Face aux enjeux de demain qui portent notamment sur la souveraineté numérique, deux réponses sont schématiquement possibles : l’une d’elles s’intègre dans la définition évolutive ou « agile » de la « sécurité nationale » sur le modèle du « Homeland Security ». Avec la sécurité du territoire, celle des acteurs et de leurs actifs stratégiques d’une part, et la lutte contre toute ingérence étrangère, intégrant naturellement le caractère offensif d’une extraterritorialité du droit d’autre part. C’est le choix qu’ont fait de longue date les Etats-Unis. La seconde repose sur la construction d’une forme « d’intranet national ». Mais avec les risques que cela suppose pour les libertés publiques, via le contrôle renforcé de la société de l’intérieur, au service d’un Etat le plus souvent autoritaire, centralisateur et dirigiste. Ce modèle vise à imposer en somme un système concurrent au modèle américain. À l’image de ceux envisagés par la Chine ou la Russie actuellement.

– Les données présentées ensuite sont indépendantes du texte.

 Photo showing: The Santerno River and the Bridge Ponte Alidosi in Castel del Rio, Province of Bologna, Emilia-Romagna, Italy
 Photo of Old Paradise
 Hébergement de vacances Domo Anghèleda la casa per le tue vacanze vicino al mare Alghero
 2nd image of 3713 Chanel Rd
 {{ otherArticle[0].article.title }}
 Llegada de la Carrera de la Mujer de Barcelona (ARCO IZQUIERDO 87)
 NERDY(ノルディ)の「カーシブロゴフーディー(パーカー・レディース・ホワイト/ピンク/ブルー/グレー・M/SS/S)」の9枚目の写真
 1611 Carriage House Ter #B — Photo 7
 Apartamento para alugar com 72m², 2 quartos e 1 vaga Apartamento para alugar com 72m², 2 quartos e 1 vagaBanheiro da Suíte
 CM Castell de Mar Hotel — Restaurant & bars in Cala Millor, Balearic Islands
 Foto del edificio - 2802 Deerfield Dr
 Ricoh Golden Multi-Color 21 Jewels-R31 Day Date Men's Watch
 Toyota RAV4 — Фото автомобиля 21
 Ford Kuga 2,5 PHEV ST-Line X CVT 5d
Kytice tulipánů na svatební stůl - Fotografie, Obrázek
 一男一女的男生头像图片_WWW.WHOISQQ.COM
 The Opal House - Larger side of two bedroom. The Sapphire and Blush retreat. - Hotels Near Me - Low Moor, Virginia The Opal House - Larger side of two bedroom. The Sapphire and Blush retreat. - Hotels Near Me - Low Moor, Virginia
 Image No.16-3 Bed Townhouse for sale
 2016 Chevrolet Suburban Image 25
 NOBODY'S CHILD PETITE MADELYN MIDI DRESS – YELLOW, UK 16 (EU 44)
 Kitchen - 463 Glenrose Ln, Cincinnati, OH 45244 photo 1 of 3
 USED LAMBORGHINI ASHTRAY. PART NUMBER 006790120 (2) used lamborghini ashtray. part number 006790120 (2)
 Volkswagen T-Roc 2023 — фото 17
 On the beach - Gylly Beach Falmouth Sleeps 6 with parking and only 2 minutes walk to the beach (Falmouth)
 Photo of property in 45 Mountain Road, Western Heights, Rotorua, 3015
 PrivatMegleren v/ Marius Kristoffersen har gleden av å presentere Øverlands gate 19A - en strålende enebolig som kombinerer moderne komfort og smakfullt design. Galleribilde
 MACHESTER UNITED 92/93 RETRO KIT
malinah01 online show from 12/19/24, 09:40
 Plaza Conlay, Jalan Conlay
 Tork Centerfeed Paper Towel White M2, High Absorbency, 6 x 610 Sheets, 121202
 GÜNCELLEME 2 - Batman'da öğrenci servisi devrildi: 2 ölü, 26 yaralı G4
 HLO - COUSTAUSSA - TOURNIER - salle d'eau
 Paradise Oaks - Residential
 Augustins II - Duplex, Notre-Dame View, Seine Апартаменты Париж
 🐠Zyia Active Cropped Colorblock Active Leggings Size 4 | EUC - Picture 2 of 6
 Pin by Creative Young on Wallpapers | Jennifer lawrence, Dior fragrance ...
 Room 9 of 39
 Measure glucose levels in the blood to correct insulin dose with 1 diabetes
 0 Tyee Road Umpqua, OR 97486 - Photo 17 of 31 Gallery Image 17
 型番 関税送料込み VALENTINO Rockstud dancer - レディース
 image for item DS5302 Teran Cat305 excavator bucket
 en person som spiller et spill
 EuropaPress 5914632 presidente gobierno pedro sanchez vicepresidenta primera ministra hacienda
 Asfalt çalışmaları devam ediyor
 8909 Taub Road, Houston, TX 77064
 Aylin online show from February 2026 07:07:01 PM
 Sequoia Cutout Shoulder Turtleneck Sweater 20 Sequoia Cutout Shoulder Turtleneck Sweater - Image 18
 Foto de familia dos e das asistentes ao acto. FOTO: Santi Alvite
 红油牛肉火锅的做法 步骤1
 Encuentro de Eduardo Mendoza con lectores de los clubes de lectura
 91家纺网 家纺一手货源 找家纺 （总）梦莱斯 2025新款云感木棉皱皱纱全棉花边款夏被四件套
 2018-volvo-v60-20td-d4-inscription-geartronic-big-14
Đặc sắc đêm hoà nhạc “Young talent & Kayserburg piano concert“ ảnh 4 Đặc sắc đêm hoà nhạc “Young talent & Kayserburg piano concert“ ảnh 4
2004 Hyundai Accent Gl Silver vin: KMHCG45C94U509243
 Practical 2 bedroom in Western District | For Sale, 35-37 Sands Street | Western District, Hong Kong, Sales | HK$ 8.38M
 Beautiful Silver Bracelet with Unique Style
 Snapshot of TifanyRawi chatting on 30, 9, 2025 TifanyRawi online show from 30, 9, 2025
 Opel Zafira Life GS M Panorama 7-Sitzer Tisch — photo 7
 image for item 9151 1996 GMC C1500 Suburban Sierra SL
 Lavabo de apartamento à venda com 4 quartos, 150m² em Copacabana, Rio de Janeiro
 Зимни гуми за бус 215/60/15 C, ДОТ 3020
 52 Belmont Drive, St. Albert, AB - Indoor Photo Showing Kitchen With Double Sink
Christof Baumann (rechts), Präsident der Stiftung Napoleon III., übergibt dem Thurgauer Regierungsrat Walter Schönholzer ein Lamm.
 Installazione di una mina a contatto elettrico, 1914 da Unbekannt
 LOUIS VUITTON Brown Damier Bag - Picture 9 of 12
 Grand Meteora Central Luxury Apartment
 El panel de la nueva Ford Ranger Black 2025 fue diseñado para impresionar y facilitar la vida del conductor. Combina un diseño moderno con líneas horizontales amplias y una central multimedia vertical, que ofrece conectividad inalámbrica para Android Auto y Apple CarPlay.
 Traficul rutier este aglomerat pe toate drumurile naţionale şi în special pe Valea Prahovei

Dans la logique américaine qui vise à assurer et préserver à tout prix les conditions de sa sécurité nationale de manière « intelligente » et « agile » – face à une menace Russe considérée comme indiscutable – ce que suggère dans une interview l’ancien fonctionnaire Robert K. Knake de l'administration Obama que vous citez au demeurant est parfaitement logique et concoure bien entendu au débat sur la préservation et la garantie des conditions de la sécurité nationale. Et pour contrer ces nouvelles menaces, Knake propose de prendre des mesures pratiques qui limiteraient l'exposition des infrastructures critiques aux cyberattaques ennemies. Bien qu'il admette qu’ « il n’existe aucun espoir de fournir une protection qui puisse être complète », il propose cependant de faire beaucoup mieux que maintenant, en trois points : 1) en séparer les infrastructures électriques qui transportent le courant, des signaux informatiques qui véhiculent la donnée, afin de rendre plus difficile pour des agresseurs étrangers de pénétrer dans le système et de prendre le contrôle des flux d'électricité. 2) En rendant autonome l’armée du réseau électrique principal en cas de conflit majeur, afin qu’elle dispose de ses propres sources d'électricité, de façon permanente ou à titre de réserve. 3) Mais aussi en créant une nouvelle grande Agence dédiée qui aurait pour but d’enquêter sur les principaux « hacks » informatiques, afin d’en apprendre autant que possible sur l’ennemi, et de faire connaître le résultat de ses enquêtes pour que d'autres puissent se prémunir à leur tour contre des violations numériques similaires. Cette nouvelle agence ressemblerait dans l’esprit de son inspirateur au NTSB « National Transportation Safety Board », qui enquête sur les accidents de transport.